◆ Task:
Return every entry exactly as written, with the pictures removed.

----- Data for review

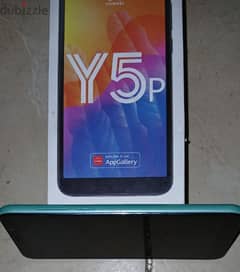 Huawei y5p 0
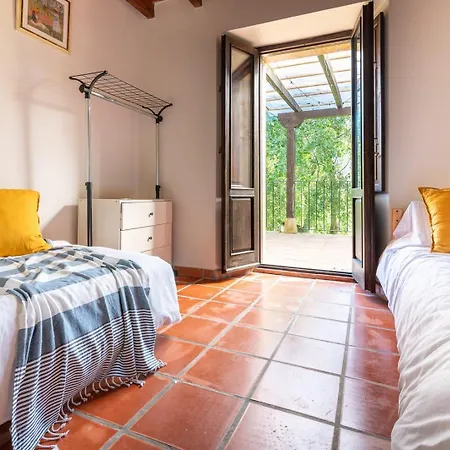 Σπίτι διακοπών Margarita Selaya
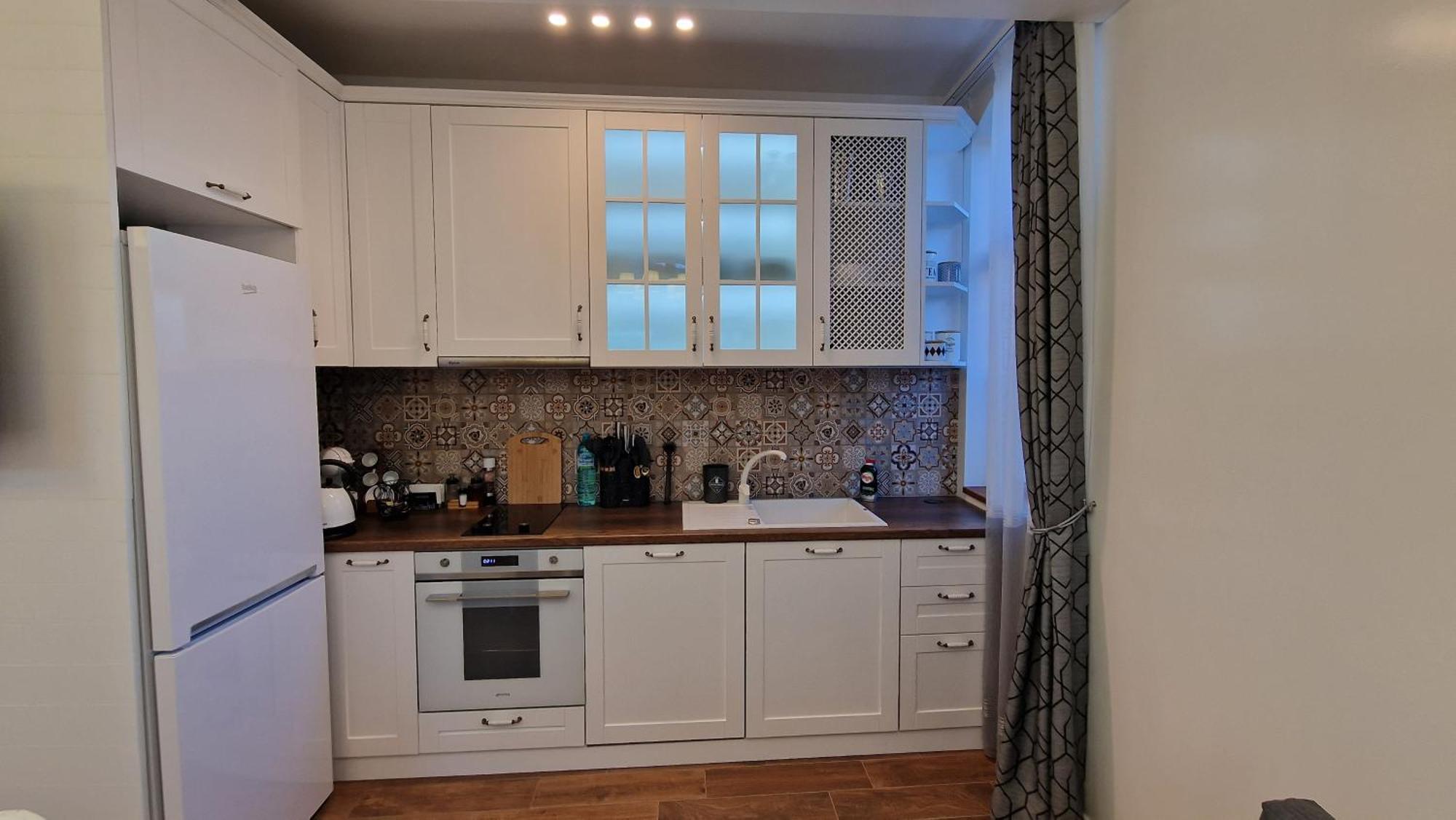 Fs Apartments - Beautiful Apartment In The Artistic Part Of Veliko Tarnovo Exteriér fotografie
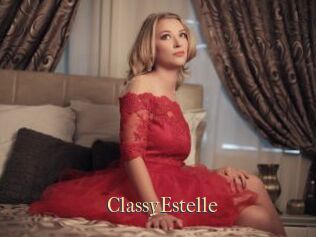 ClassyEstelle
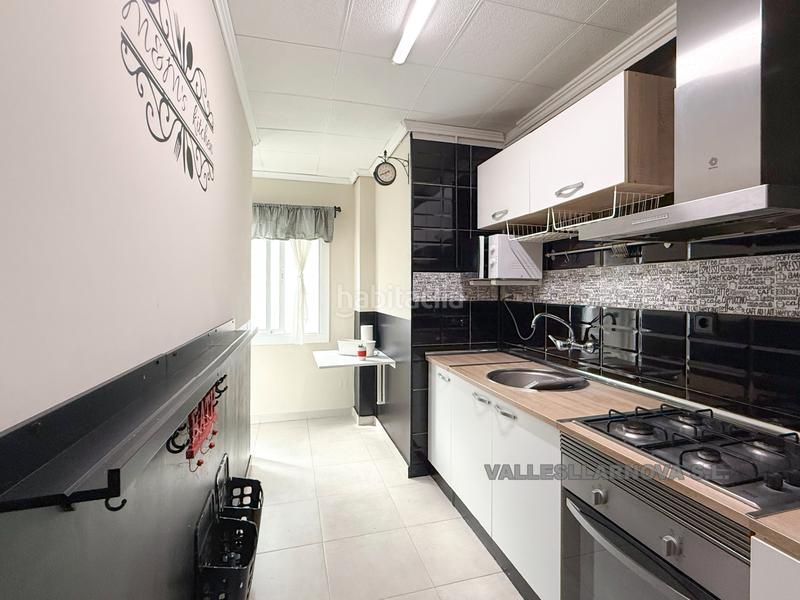 Foto 4ea5b161-6fa2-4fba-859c-2ec46142d170. Ático con gran terraza, excelente ubicación en Centre Mollet del Vallès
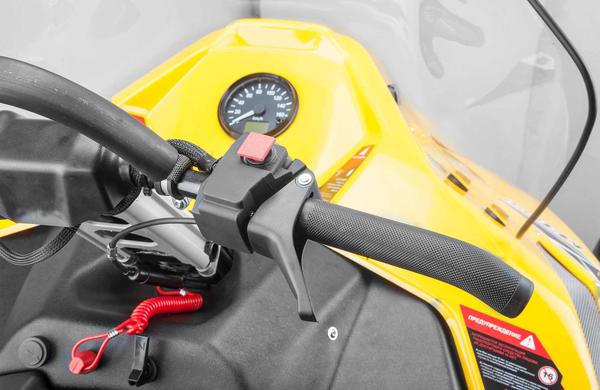 Снегоход STELS MS600T (SWT ST) СТАВР 1.0 К01 Tech в Нальчике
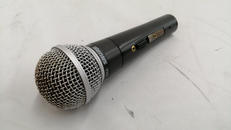 マイクロフォン|SHURE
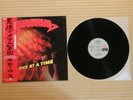 Krokus ?– One Vice At A Time K28P-228 Japan Insert Obi Near Mint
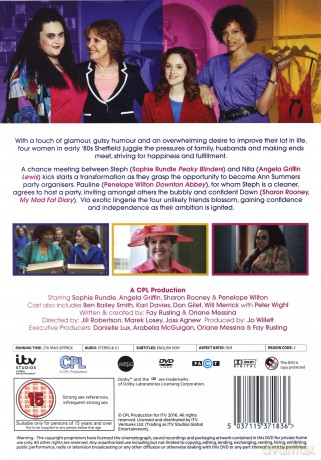 Brief Encounters [2DVD]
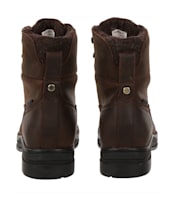 Women’s Ariat Harper Waterproof Boots - CHOCOLATE/WILLW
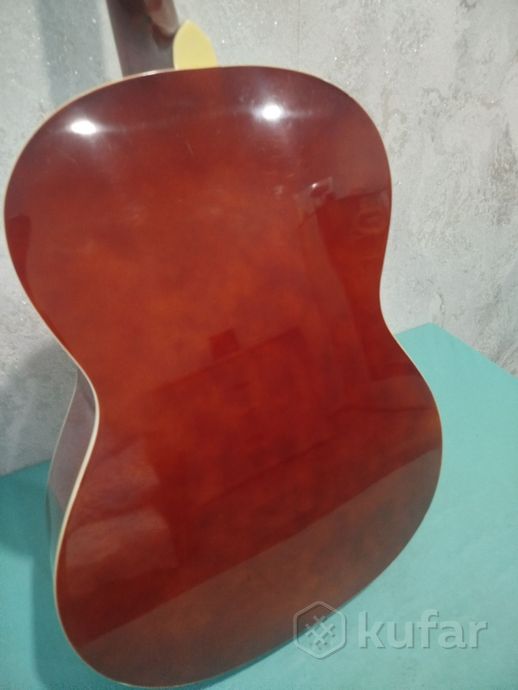 гитара акустическая Varna MD 039 CSB — фото 8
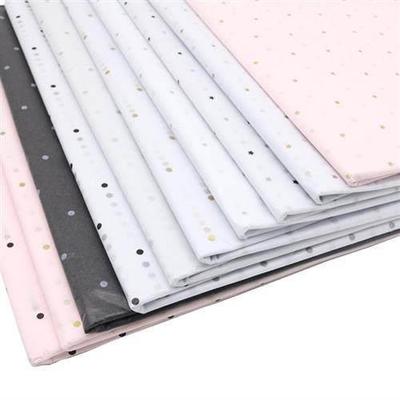 28Sheets/bag Tissue Paper Flower 50*70cm Gift Packaging Home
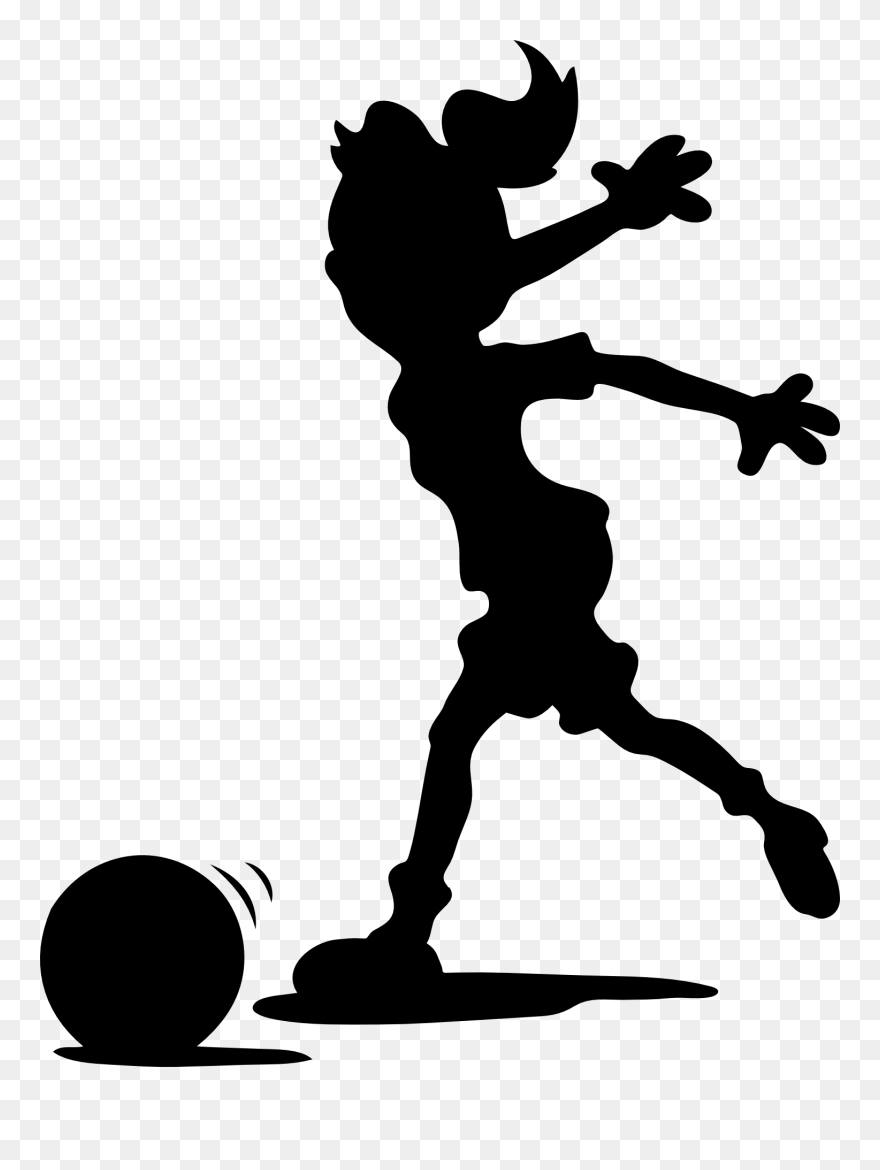 Human Behavior Shoe Clip Art Silhouette - Illustration - Png Download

----------

◆ Task output:
 Huawei y5p 0
 Σπίτι διακοπών Margarita Selaya
 Fs Apartments - Beautiful Apartment In The Artistic Part Of Veliko Tarnovo Exteriér fotografie
 ClassyEstelle
 Foto 4ea5b161-6fa2-4fba-859c-2ec46142d170. Ático con gran terraza, excelente ubicación en Centre Mollet del Vallès
 Снегоход STELS MS600T (SWT ST) СТАВР 1.0 К01 Tech в Нальчике
 マイクロフォン|SHURE
 Krokus ?– One Vice At A Time K28P-228 Japan Insert Obi Near Mint
 Brief Encounters [2DVD]
 Women’s Ariat Harper Waterproof Boots - CHOCOLATE/WILLW
 гитара акустическая Varna MD 039 CSB — фото 8
 28Sheets/bag Tissue Paper Flower 50*70cm Gift Packaging Home
 Human Behavior Shoe Clip Art Silhouette - Illustration - Png Download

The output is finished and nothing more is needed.